Applicants must be currently engaged in ongoing doctoral or postdoctoral projects.
There's no geographical restrictions, but it is relevant to ensure availability to attend the programme sessions which are held between 5PM and 8PM, in the UK time zone.
PARTICIPATION REQUIREMENTS
Applicants must have a high level of written and spoken english.
Access to a computer with a stable internet connection, and a operational system that supports ZOOM (including sound, video, and screen sharing).

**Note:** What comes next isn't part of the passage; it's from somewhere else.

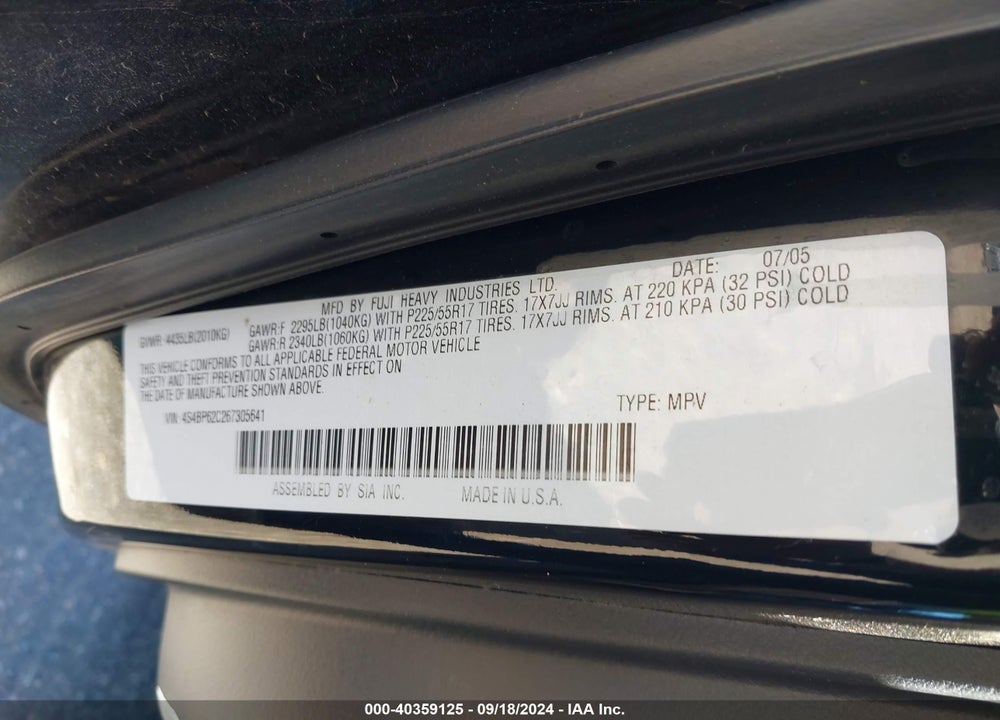 2006 SUBARU OUTBACK 2.5I LIMITED VIN: 4S4BP62C267305641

SUBMISSION OF APPLICATIONS
To submit your application, please provide the application form (point 1), alongside the required information (points 2 to 5) in one single PDF file:
-
Application Form (download here)
-
Project abstract (500 words max.)
-
Indicative bibliography
-
Writing sample (1500 words max.)
-
Biographical note (150 words max.)
-
Short CV focusing on the last five years (2 pages max.)
Submit your application to seminar@archivoplatform.com no later then December 31. Applications received after the deadline will not be considered.
Notification of results will be sent to applicants by January, 2026.
PROGRAMME FEES
APPLICATION FEE: No fee is charged
SEMINAR TUITION: 240 EUR p/ month
—
Upon notification of acceptance, selected participants will be asked to complete their registration by submitting the full programme fee of 1,200 EUR.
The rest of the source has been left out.